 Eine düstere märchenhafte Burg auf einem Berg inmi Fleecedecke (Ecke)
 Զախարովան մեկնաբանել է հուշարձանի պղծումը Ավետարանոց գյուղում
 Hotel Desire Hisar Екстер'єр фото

---

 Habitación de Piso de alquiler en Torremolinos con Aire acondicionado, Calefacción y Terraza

* * *

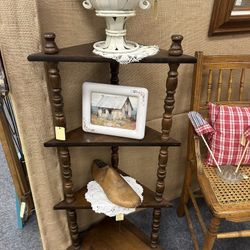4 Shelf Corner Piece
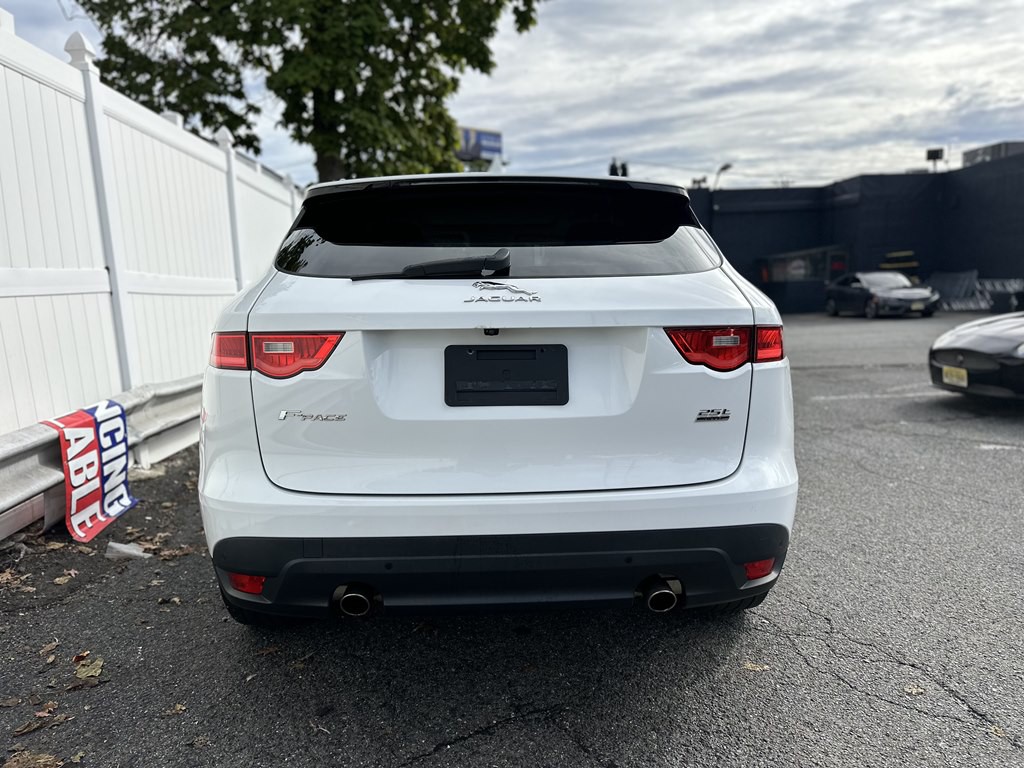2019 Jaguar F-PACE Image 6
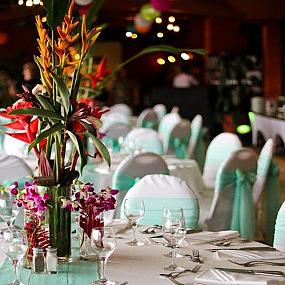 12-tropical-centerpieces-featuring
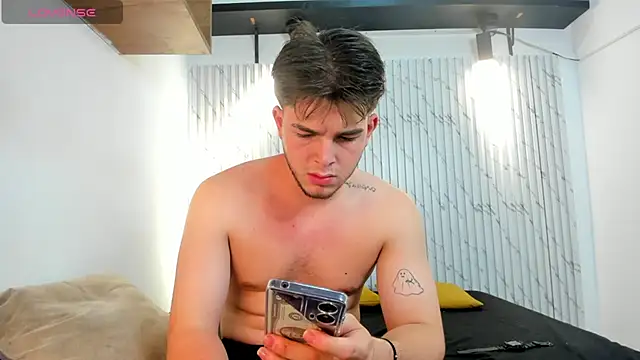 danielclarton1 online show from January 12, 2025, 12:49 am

> [AIM OF THE TASK]: Among the lines above, the one with "2019 Jaguar F-PACE Image 6" opens the part to repeat and the one with "danielclarton1 online show" closes it; repeat only that part exactly, with no pictures.

> [WRITTEN ANSWER]:
2019 Jaguar F-PACE Image 6
 12-tropical-centerpieces-featuring
 danielclarton1 online show from January 12, 2025, 12:49 am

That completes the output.